Tuesday 9th October 2018 at 8pm: Gabriel Moshenska Unrolling Egyptian mummies in Victorian London
Tuesday 13th November 2018: TO BE CONFIRMED All Lectures are held at Stephens House & Gardens (Avenue House), 17 East End Road, Finchley, N3 3QE, and start promptly at 8.00 pm, with coffee & tea served afterwards. Non-members welcome (£2.00). Buses 13, 125, 143, 326 & 460 pass nearby and Finchley Central Station (Northern line) is a 5-10-minute walk away.
Newsletter editors required. We are in urgent need of additional newsletter editors for the HADAS monthly newsletter. Just once a year, each Editor puts together one Newsletter, using information and reports sent to them mainly by email and preparing the newsletter to a general format/style guide. The assembled newsletter is then sent to the newsletter co-ordinator (a member of HADAS committee, currently Sue Willetts). If you are just thinking about volunteering and want to know more, please e-mail or phone firstname.lastname@example.org or 0208 440 4350
2018 Long Trip Jim Nelhams
We are pleased to announce that our long trip next year will be based at the Best Western Brome Grange Hotel (www.bromegrangehotel.co.uk) from Monday 17th to Friday 21st September 2018. The cost is expected to be around the same as this year with deposits due at the end of February and the balance in July.

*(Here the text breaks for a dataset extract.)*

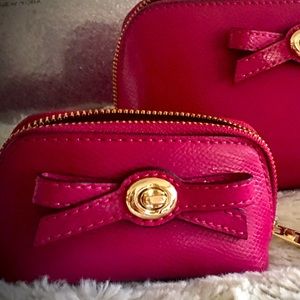 Small Coach Cosmetic bag for @amourkawaii22.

The Hotel is at Brome, just south of Diss, and close to the border between Suffolk and Norfolk. The hotel is slightly smaller than some we have used, so if necessary, we will run a waiting list. To register your interest, please contact Jim or Jo Nelhams by email or phone as soon as you can, so that we have an indication of the number of rooms required.
Contact information is shown at the end of this newsletter.
Search for the Battle of Barnet Chantry Chapel Bill Bass
As members may be aware there has been a wide ranging archaeological survey and small-scale test-pitting excavation over the last couple of years to test the theory that the Battle of Barnet took place further north than the accepted area of Hadley Green. The survey is being undertaken by Glenn Foard of Huddersfield University and Sam Wilson of Cotswold Archaeology with Barnet Museum organisation and volunteers. Part of that search is to try and locate the Chantry Chapel said to have been built after the conflict possibly over or near burial pits containing the dead.
There have been many theories where the chapel may have been but Brian Warren, a local historian, has conducted extensive research on the matter and believes he may have identified the area of the chapel based on various maps and documents and evidence in the Manor of South Mimms records. The moated area known as ‘Hermitage Cottage’ is a likely candidate which lies in the vicinity of Wrotham Park north of Hadley.
The 2017 campaign included a further metal-detecting survey and a range of test-pits over the possible site of the chapel. This area has been previously surveyed with geophysics, but this had been inconclusive. The land had also been built over by subsequent owners, perhaps masking earlier archaeology. On this occasion HADAS were involved by supplying volunteers from our Fieldwork Team together with digging tools. Volunteers from Barnet Museum were also involved, all overseen by battlefield specialist Sam Wilson.
A total of 16 1x1m test-pits were dug within the moated area. Most of the finds were post-medieval brick and tile demolition rubble. A substantial brick built ‘culvert’ was seen at the bottom of one trench and nearby the cut/edge of a large ditch feature was excavated, possibly something to do with the culvert, or something else. Mixed in with all of this was some pot, animal bone, some glass and so forth, mostly dating to 1700-1800 period? Many of the trenches were dug down to the sandy natural – which had a large amount of decayed root material; a bit confusing at times.
Other finds included a dressed stone block found near the existing moat arm, some dressed flint and small amounts of lead (to hold stained glass), a possible decorated strap-end/book clasp (?) and some buckles, coins, lead-weights and other metal finds found by a metal-detectorist. The date of this material needs investigating.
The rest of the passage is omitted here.